Nouakchott, the capital, is a sprawl of low-rise, candy-coloured buildings that seem to grow haphazardly out of the desert. We spend our first night at Auberge Diaguili, a six-bedroom riad (a traditional Moroccan house) owned by a French-Mauritanian couple. It’s on a quiet street and full of colourful furniture, with a haima (Moorish tent) in the courtyard, which our children love. Outside, the pavement is a sea of sand. Here the desert is like an overbearing mother, never quite letting go. Swaths of sand sweep in everywhere.


Desert ships: Camels are an important mode of transport in the sea of sand that is Mauritania. (AFP)


An exotic holiday destination 
The country is immediately exotic, with men dressed in sky-blue boubous billowing in the ever-present wind, their eyes peering from beneath turbans. The golden and creamy white sand of the desert is pure and silky to the touch. There are no scraggy bushes or even footprints; it curves up into huge peaks, carved into troughs by the wind. The culture remains vehemently nomadic, with tents plonked in the middle of the city and camels wandering about.

I ask for directions to a particular building. “There are no fixed addresses. We’re not one for cities,” Mohamedou, our guide, replies. “In the late 1950s, Nouakchott was little more than a fishing village. But recently it has grown fast, people driven here by droughts killing their animals.”

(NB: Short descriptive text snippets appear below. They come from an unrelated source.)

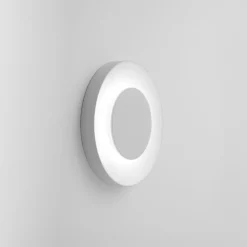 Plafoniere Moderne-Vivida International Vivida aurea plafoniera bianca led 24w 3000k 4000k dimmerabile
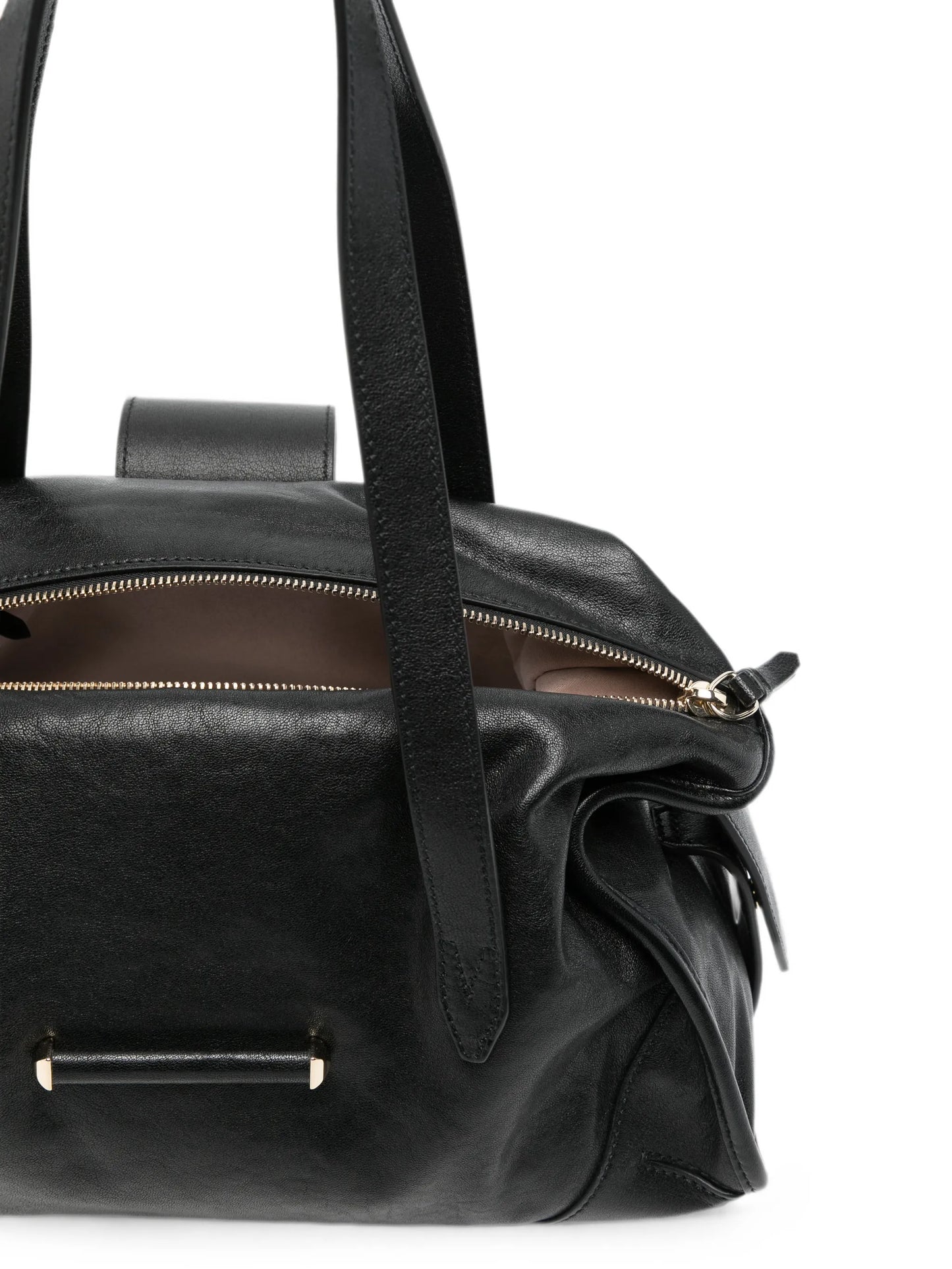Bar Filo leather shoulder bag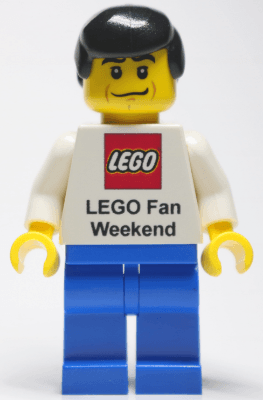 LEGO LEGO Fan Weekend 2011 Minifigure (gen040) Promotional Minifigure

Donkeys trot by, pulling carts. A long stretch of road is lined with tents, where people come to drink camel milk and eat barbecued goat. In the early evening, the camels are being milked and drinking water from old baths.

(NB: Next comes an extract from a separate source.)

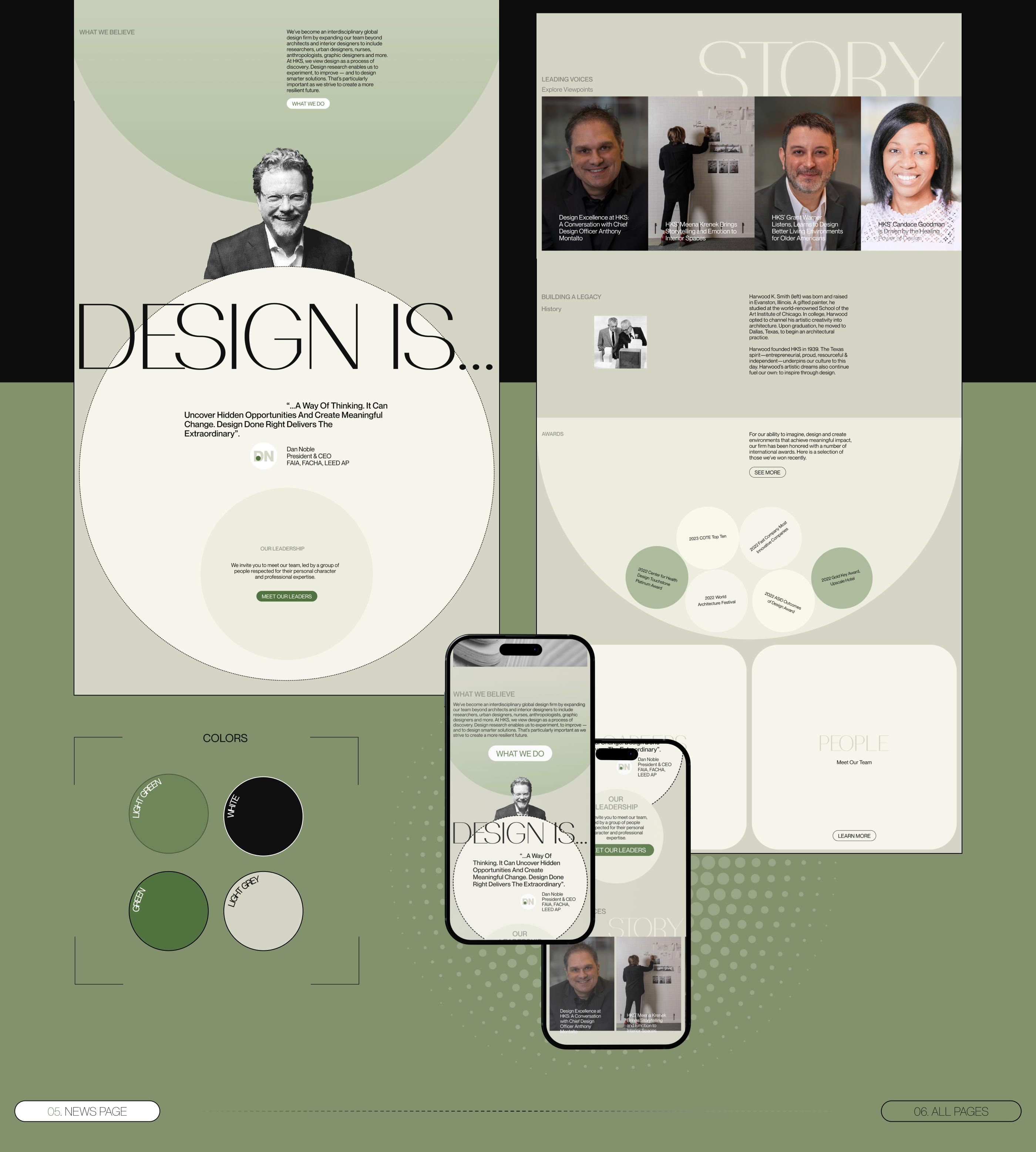 HKS: Architectural Studio — Изображение №10 — Интерфейсы, Графика на Dprofile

Nouakchott spreads along the coast between the Atlantic Ocean and the desert. Down on the shore, the sun glints on boldly painted pirogues bobbing on surfing-sized waves. Men sing as they haul colossal fish on to the sand. “The seas are some of the world’s richest,” Mohamedou says.

Tourism, though, has suffered here in recent years. In 2008, the Dakar Rally, which passes through Mauritania, was cancelled because of terror threats – it has been held in South America ever since – and the foreign office advises against travel here. Yet we meet foreigners working here who assure us it is not dangerous, the Spanish embassy recently lifted its ban, and we certainly feel safe.

An important crossroads
One thing does dismay my husband, however. Arriving at midnight, after flights with two young children, he is looking forward, perhaps naively, to a drink. But his clandestine duty-free bottle is instantly confiscated. This Muslim country is strictly dry.

Next day we drive out into the desert proper, heading north past weather-battered villages and brightly patterned tents. Most of the country looks as if it could pack up and move at any moment. The tarmac road quickly turns to sand. We stop for lunch – delicious chicken with dates and rice – in a mud house with mats on the floor while a sandstorm whips up outside.

Food is eaten sitting cross-legged on the ground, using our hands. Chatter and laughter fill the room as Mohamedou, Mohamed Lemine, our driver, and Saliq, our cook, play with our boys.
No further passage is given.